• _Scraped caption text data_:
-=-=-

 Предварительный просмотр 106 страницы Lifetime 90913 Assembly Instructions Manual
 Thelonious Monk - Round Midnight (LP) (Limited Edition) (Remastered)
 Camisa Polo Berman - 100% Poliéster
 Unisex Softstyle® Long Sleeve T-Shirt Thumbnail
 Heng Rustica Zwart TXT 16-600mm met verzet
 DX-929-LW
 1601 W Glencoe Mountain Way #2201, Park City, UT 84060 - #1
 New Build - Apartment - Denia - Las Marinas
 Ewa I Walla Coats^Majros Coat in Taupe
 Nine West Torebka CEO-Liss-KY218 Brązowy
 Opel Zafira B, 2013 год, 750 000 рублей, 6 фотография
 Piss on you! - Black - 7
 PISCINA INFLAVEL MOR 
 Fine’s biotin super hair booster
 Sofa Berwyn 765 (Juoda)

-=-=-

• _Activity_: From the line containing "Ewa I Walla Coats^Majros Coat in Taupe" to the last line of the records above, please write out every line exactly and add nothing.

• _Result of the exercise_:
 Ewa I Walla Coats^Majros Coat in Taupe
 Nine West Torebka CEO-Liss-KY218 Brązowy
 Opel Zafira B, 2013 год, 750 000 рублей, 6 фотография
 Piss on you! - Black - 7
 PISCINA INFLAVEL MOR 
 Fine’s biotin super hair booster
 Sofa Berwyn 765 (Juoda)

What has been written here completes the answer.